WHAT THE TASK ASKS :: When you reach the line containing "EkoCheras Cozy Suite by GUESTONIC" in the records below, set it down exactly, together with every later line through the end, but not the pictures.

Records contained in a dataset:
= = =

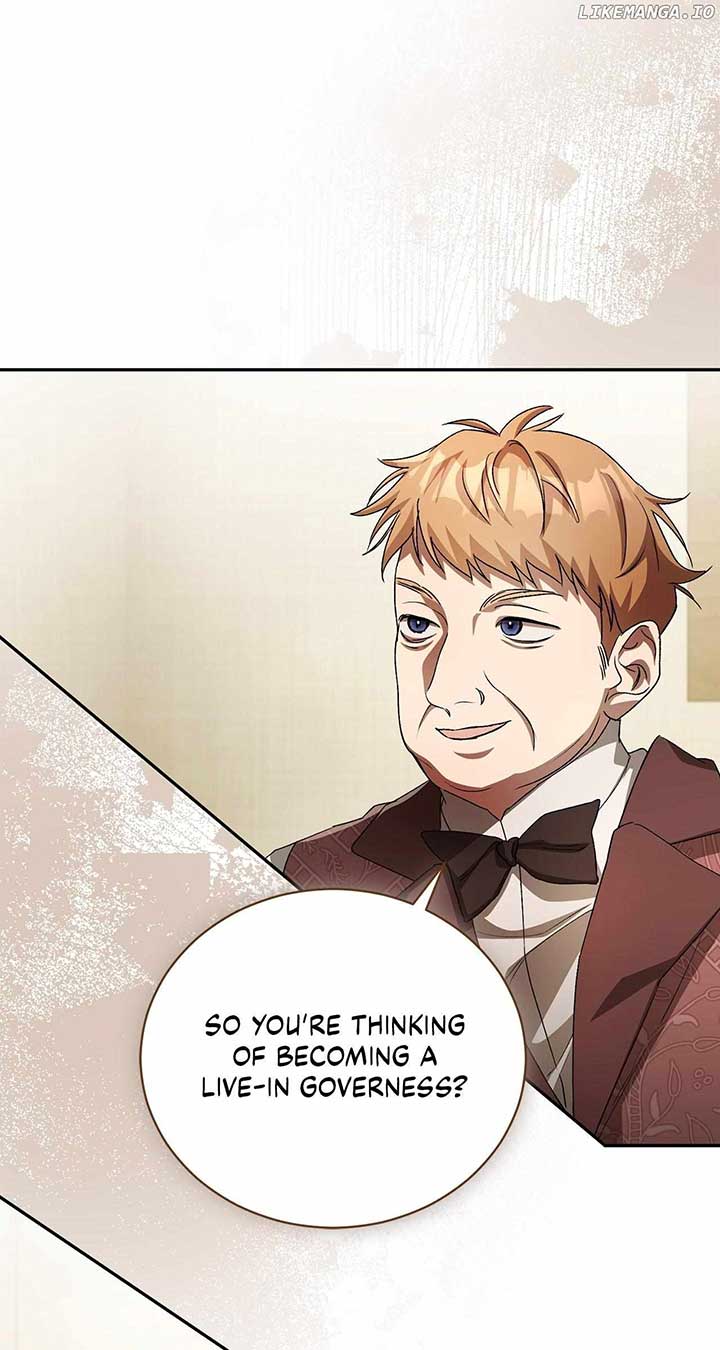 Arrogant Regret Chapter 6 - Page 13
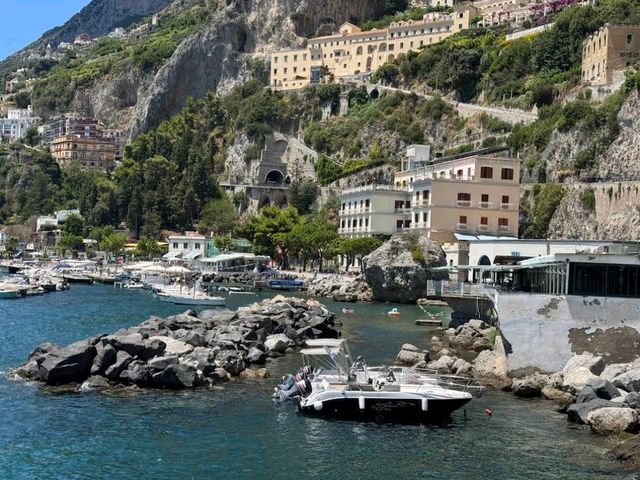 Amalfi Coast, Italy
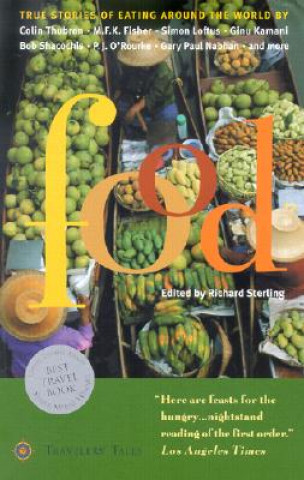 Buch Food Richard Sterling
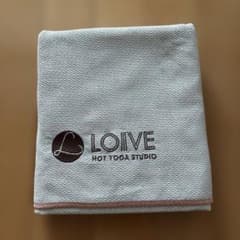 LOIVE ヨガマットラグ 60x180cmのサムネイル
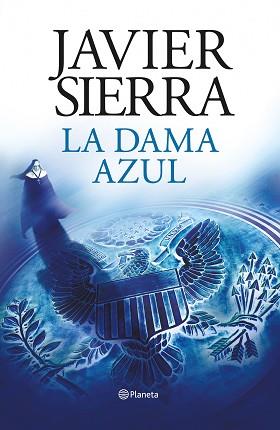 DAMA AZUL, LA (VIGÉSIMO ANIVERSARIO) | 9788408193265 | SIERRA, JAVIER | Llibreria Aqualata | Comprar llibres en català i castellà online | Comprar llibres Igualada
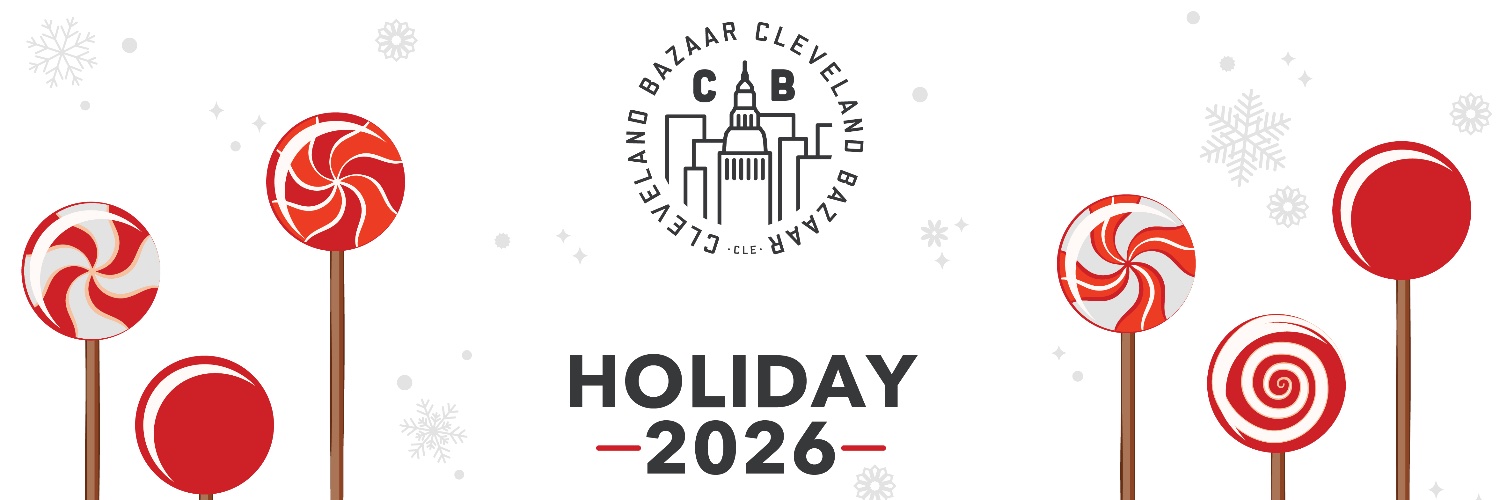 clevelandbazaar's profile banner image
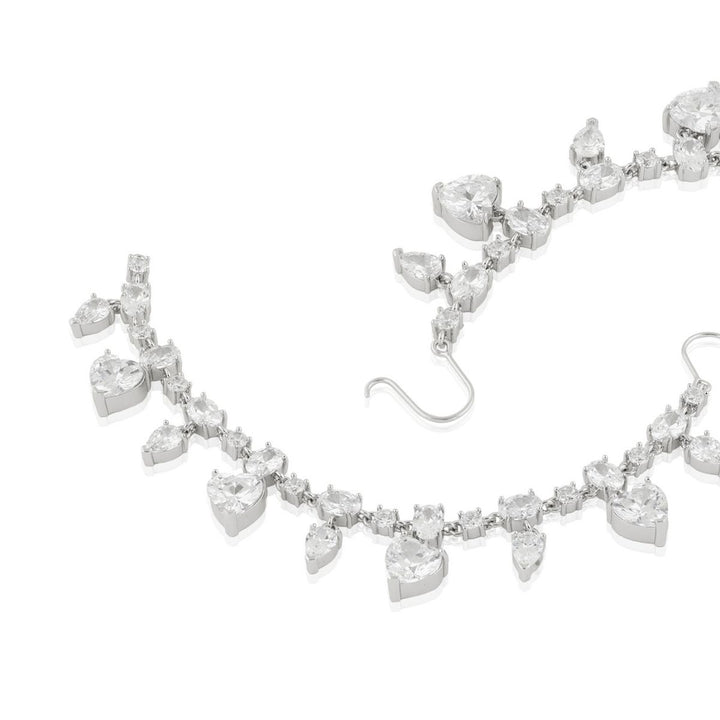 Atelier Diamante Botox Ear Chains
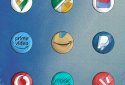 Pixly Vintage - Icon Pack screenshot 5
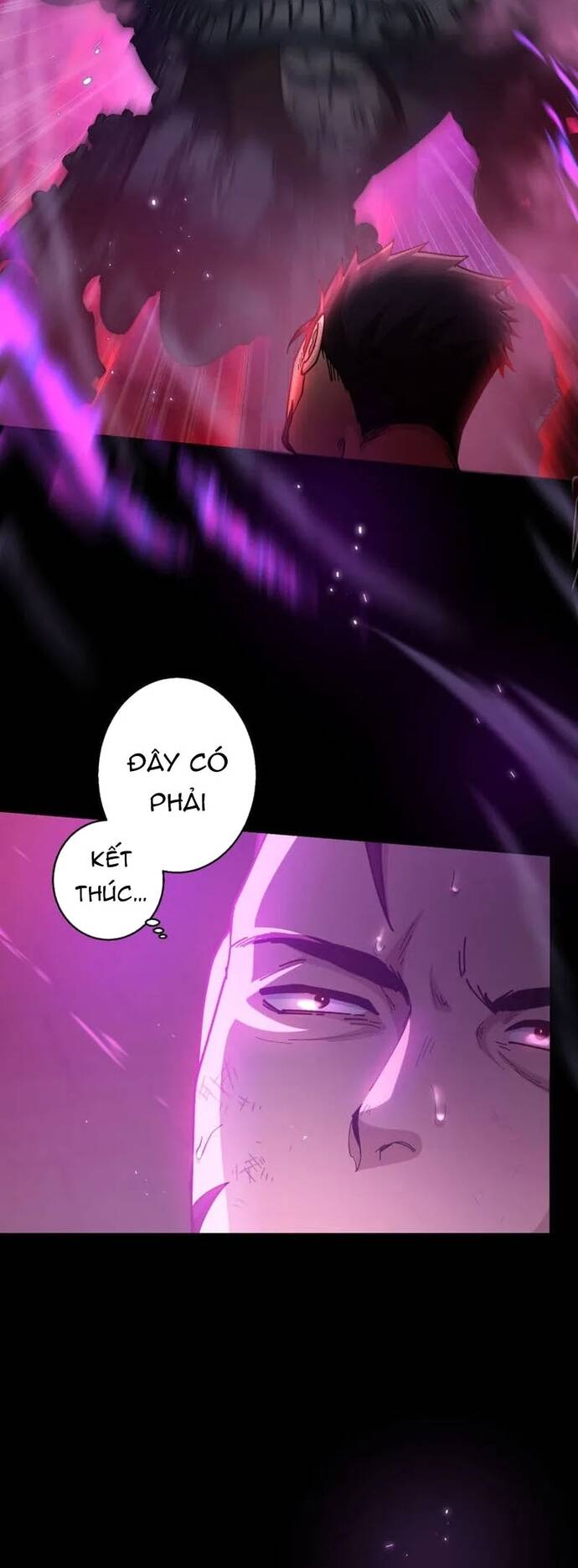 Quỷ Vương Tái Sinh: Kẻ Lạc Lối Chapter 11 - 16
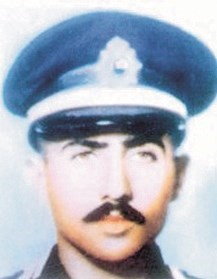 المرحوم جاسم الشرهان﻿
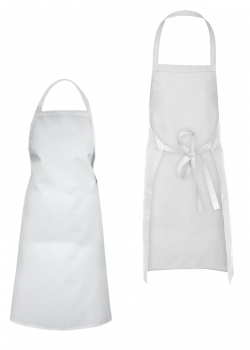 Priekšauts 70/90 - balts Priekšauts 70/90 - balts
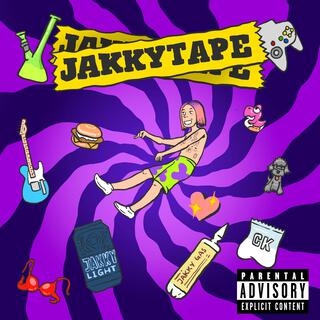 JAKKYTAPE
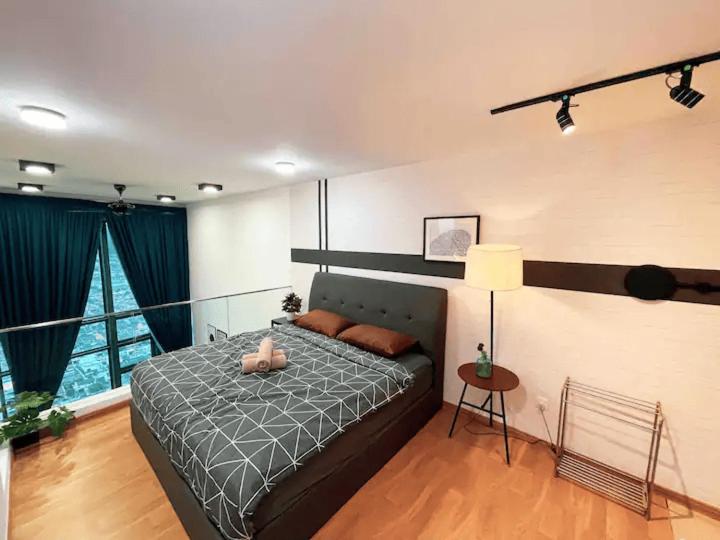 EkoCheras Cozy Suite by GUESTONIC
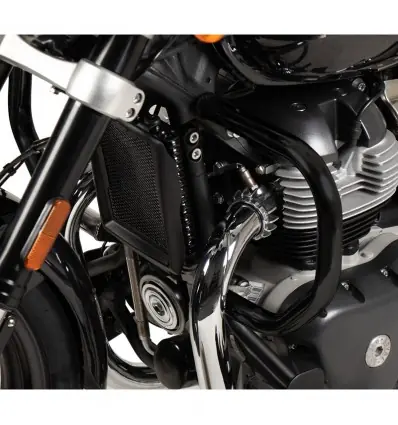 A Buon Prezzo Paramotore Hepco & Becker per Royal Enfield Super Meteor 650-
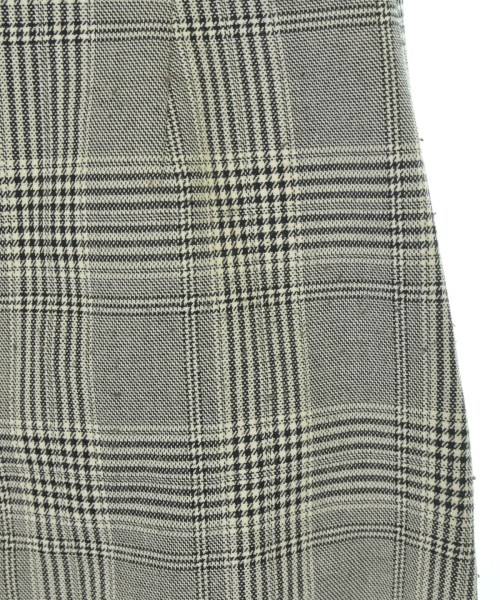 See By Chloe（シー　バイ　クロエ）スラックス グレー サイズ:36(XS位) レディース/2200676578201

= = =

ANSWER FOR THIS EXERCISE ::
 EkoCheras Cozy Suite by GUESTONIC
 A Buon Prezzo Paramotore Hepco & Becker per Royal Enfield Super Meteor 650-
 See By Chloe（シー　バイ　クロエ）スラックス グレー サイズ:36(XS位) レディース/2200676578201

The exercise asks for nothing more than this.